BRIEF: From the entries below, reproduce exactly the line containing "Milwuakee Fuel M12 Drill Set (tool Only)", the line containing "Трусики Бікіні Victoria's", and every line in between, with nothing added.

EXERCISE DATA:
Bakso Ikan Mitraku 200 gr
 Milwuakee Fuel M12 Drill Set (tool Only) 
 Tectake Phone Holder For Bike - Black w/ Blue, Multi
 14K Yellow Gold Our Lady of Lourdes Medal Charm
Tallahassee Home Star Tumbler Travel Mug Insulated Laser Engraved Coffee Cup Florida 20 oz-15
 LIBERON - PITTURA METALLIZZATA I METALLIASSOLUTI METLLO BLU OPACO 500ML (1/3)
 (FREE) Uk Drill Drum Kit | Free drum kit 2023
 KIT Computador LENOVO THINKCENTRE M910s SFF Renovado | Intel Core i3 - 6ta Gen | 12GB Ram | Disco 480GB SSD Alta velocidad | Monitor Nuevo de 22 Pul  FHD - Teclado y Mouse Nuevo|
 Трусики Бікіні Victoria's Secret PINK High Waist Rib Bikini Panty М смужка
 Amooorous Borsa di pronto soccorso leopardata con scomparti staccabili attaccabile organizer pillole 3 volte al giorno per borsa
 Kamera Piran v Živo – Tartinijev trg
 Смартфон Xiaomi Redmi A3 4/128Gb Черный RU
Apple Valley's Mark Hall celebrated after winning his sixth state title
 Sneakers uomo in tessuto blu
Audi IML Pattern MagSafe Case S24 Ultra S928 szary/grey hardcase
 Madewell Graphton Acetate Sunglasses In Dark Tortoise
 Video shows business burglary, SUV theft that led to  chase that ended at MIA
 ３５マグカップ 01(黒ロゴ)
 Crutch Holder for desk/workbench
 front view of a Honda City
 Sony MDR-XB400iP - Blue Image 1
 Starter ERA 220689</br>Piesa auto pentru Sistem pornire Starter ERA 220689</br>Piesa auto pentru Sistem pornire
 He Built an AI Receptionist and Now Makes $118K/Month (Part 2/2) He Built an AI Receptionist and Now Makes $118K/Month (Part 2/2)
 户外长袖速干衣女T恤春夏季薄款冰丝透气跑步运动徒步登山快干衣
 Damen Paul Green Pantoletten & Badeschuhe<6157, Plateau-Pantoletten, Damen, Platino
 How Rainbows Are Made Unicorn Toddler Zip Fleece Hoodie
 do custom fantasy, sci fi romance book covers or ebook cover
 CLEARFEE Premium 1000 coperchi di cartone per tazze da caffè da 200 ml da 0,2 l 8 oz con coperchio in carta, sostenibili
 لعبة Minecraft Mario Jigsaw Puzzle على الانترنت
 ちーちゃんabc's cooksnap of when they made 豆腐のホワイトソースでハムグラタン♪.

ANSWER BELOW:
 Milwuakee Fuel M12 Drill Set (tool Only) 
 Tectake Phone Holder For Bike - Black w/ Blue, Multi
 14K Yellow Gold Our Lady of Lourdes Medal Charm
Tallahassee Home Star Tumbler Travel Mug Insulated Laser Engraved Coffee Cup Florida 20 oz-15
 LIBERON - PITTURA METALLIZZATA I METALLIASSOLUTI METLLO BLU OPACO 500ML (1/3)
 (FREE) Uk Drill Drum Kit | Free drum kit 2023
 KIT Computador LENOVO THINKCENTRE M910s SFF Renovado | Intel Core i3 - 6ta Gen | 12GB Ram | Disco 480GB SSD Alta velocidad | Monitor Nuevo de 22 Pul  FHD - Teclado y Mouse Nuevo|
 Трусики Бікіні Victoria's Secret PINK High Waist Rib Bikini Panty М смужка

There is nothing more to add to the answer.